§ DATA BELOW:
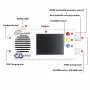 3.2 Inch TEF6686 Full Band Radio Dual Speaker Stereo Medium Wave Short Wave FM MW Radio With 5000MAH Lithium Battery
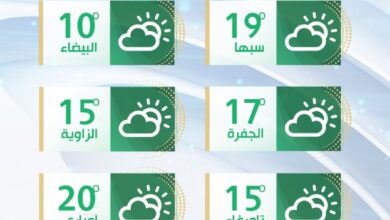 الأرصاد الجوية: الأجواء باردة نسبياً ومغيمة على أغلب مناطق الشمال مع سقوط أمطار متفرقة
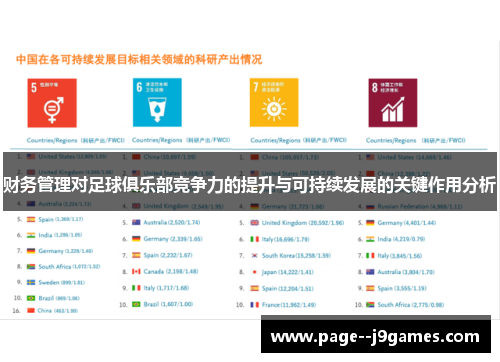 财务管理对足球俱乐部竞争力的提升与可持续发展的关键作用分析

§ WHAT TO DO:
Repeat the line containing "الأرصاد الجوية: الأجواء" and every line after it up to the end of the material above, exactly as they stand, minus the pictures.

§ SOLUTION FOR THIS EXERCISE:
 الأرصاد الجوية: الأجواء باردة نسبياً ومغيمة على أغلب مناطق الشمال مع سقوط أمطار متفرقة
 财务管理对足球俱乐部竞争力的提升与可持续发展的关键作用分析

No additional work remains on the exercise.